■ Work request:
Below are lines of records; copy exactly those from the one containing "Bafix Renkli Fotokopi" through the one containing "Paper Straws - Robin Egg Blue Stripes", leaving the pictures behind.

■ Extracted information:
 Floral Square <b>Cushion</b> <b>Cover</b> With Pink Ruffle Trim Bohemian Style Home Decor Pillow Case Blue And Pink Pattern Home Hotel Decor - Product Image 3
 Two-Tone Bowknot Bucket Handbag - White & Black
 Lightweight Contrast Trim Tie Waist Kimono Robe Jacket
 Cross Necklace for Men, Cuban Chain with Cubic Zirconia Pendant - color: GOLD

* * *

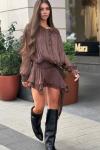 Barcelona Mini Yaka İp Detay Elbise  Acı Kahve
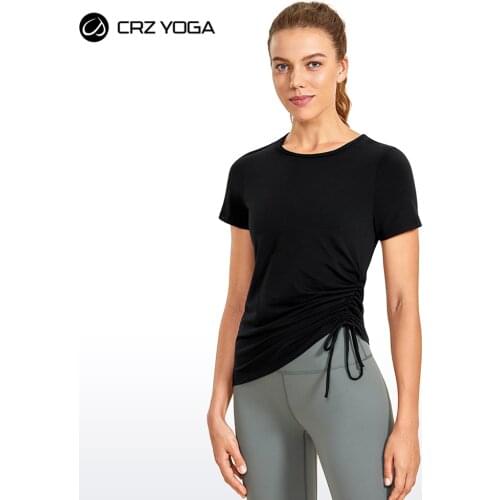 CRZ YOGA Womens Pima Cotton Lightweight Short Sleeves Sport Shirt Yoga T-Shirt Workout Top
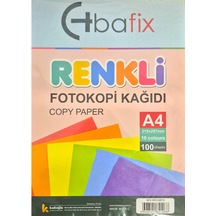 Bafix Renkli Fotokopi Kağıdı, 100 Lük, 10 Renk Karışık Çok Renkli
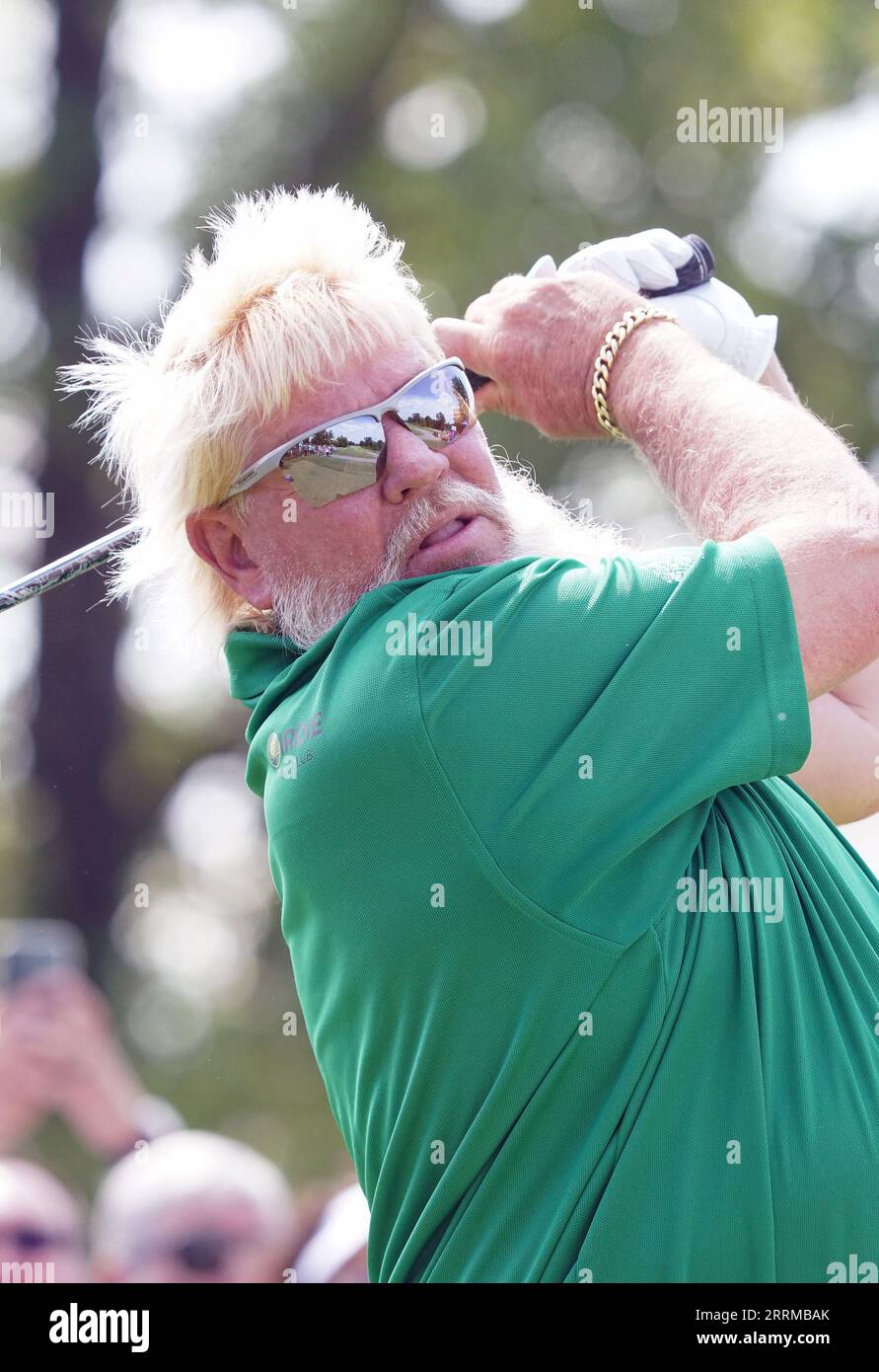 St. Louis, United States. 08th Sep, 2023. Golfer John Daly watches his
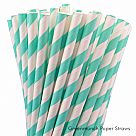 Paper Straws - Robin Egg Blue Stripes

■ Response below:
 Bafix Renkli Fotokopi Kağıdı, 100 Lük, 10 Renk Karışık Çok Renkli
 St. Louis, United States. 08th Sep, 2023. Golfer John Daly watches his
 Paper Straws - Robin Egg Blue Stripes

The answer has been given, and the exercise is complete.